Stap all these post on Inness have been great. Did you see the show a while back, I think two years now at the Sterling Clarke on Inness?

He has always been my favorite American painter not only of landscapes but just for pure painting at the highest level.

Thanks for all the work your putting into this.

Unknown said...

I'm probably going to display my ignorance here. Well, it won't be the first time for that!
It seems to me that all of Inness' works have a tonalist quality. All the darks seem to be that same dark brown. Am I just looking at it wrong, or is this really the case?
And, this may be heresy, but I am not crazy about some of his works.. they seem almost too stilted or something, and that one with the monk is truly bizarre. Having said that, the ones I like, I REALLY like, and just stand back in awe.
"slyrost" stealth coffee making.

Philip Koch said...

Heck, I'm getting used to my daily morning coffee and Inness show. What am I going to do when this ends?

Thanks for posting these great images. The yellows Inness put in the sky in the over-the-top monk painting are so lovely- like some yummy lemon cream pie. And the warm and cool greens playing off each other in the final painting are just the right touch. Inness had an inner poetry when he painted like that.

Deb commented she's not crazy about some of his works. Me either, I think Inness stumbled from time to time. Much of his early work can be stiff. But so often he hit the ball right out of the part, especially once he found his stride in middle and later years.
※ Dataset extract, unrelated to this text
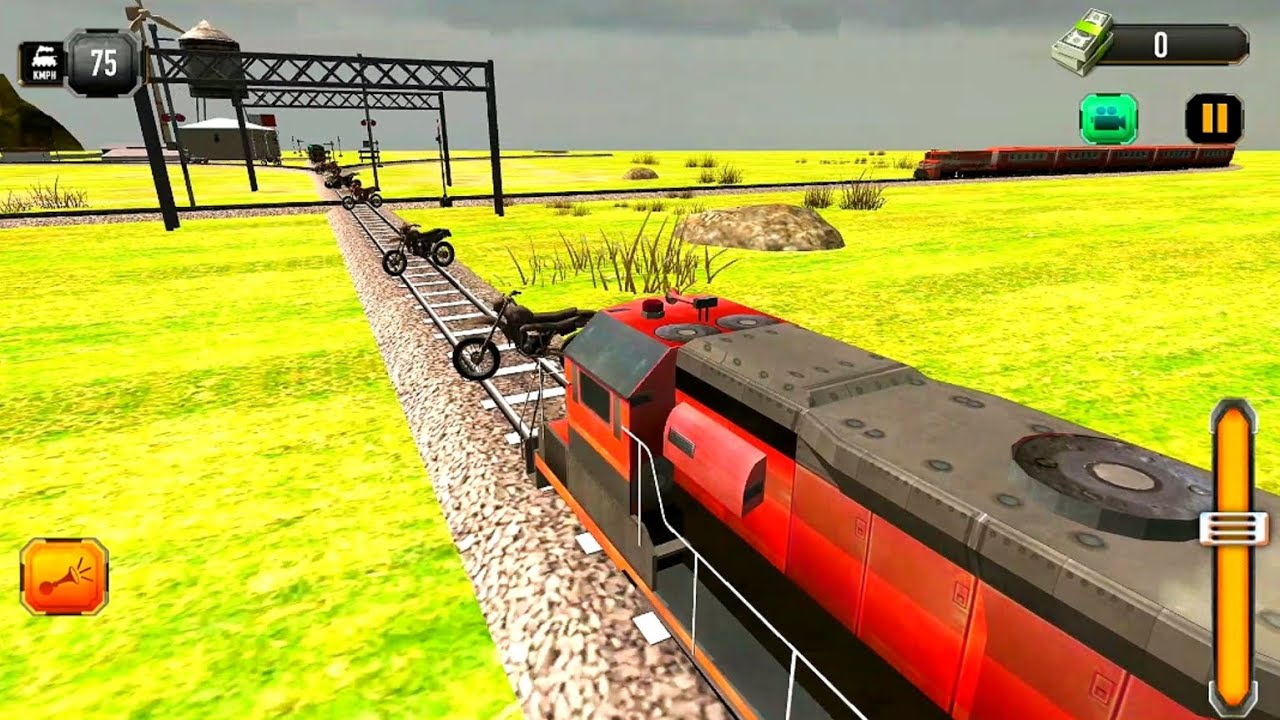 Train Jump Stunt - Brake Fail Train Driving - Android Gameplay #538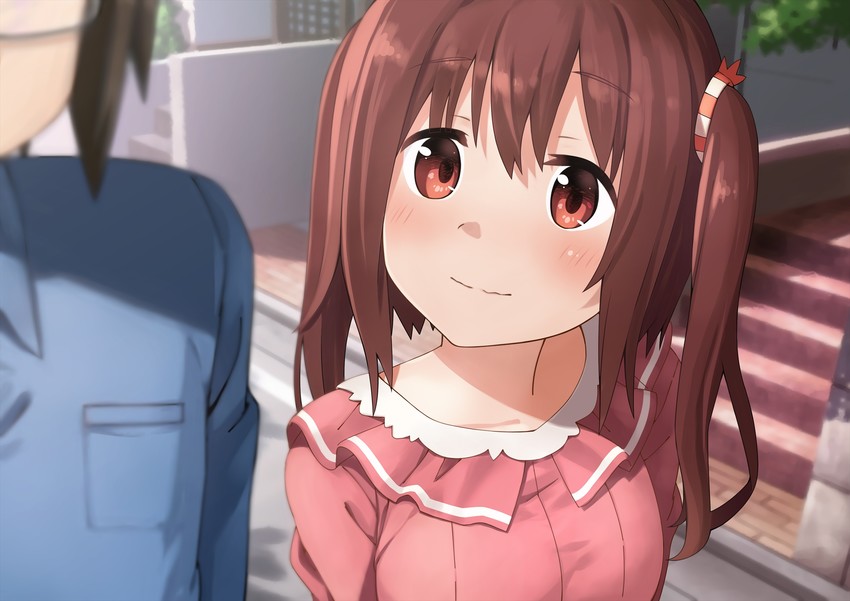 ebina nana and doma taihei (himouto! umaru-chan) drawn by dacchi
And it is a good thing if any of us painters find fault in the work of those who've gone before us. It's our task to do it differently and better than what we're complaining about. I've had the good fortune to have studied with some very fine artists, and yet I routinely found private disappointments in their paintings. And it helped me not just stand in their shadows.

Overall I think what's best of all about Inness is his clear debt to the artists who preceded him, but then his ability to stake out some new territory as his work matured.

Gregory Becker said...

His Italian paintings have always been interesting to me but for slightly different reasons.
I used to have a book that showed the color and the greyscale on the opposite page and it had about 4 or 5 Inness paintings in there and I have an obsession when it comes to value and I would study them for hours and never get bored.
I still take paintings and turn them into greyscales so that I can see the value relationships.
I compared his Italian paintings in greyscale to an artist named Wendy Artin who currently lives in Rome and works with mostly watercolor and is famous for her sepia tone washes. She captures those wonderful roman trees in a similar manner. A strange connectivity between them.
Wendy Artin is the reason I began pursuing art.

Stapleton Kearns said...

Jeff:
I did see that show. There were several very early Inness paintings in it too. I saw the Metropolitan Gallery show in 1985. I looked in my catalog and it says the Met anyway, I keep remembering it as being at the National Gallery in DC.I was a big retrospective, I would love to see it again....
..............Stape

Stapleton Kearns said...

Deb:
The later Inness are tonalisyt piaintings. The brown shadoes you see are common to all pre impressionist painting. Often they ar ethe ground on which the painting was done. There are Inness paintings I don't like,and some of the early ones are just OK, but I think he was Amwericas greatest painter, except perhaps for Sargent.
........Stape

Stapleton Kearns said...

Phillip:
You are going to get to continue with that for a while. I have almost another 30 years to cover! I hope all my readers are not Innessed out. There is a lot to learn from Innesss and no other American landscape painter can in my opinion teach the aspiring painter as many differing things.
.............Stape

Stapleton Kearns said...

Gregory:
Perhaps I should present a few in both color and black and white.
...............Stape

tim said...

Norton Art Gallery in Shreveport, La. has the only impressionistic painting by Inness I have seen. It gave me hope to know that even GEORGE INNESS had truly bad experiences in his career. I love his later tonal work but not that green impressionistic attempt!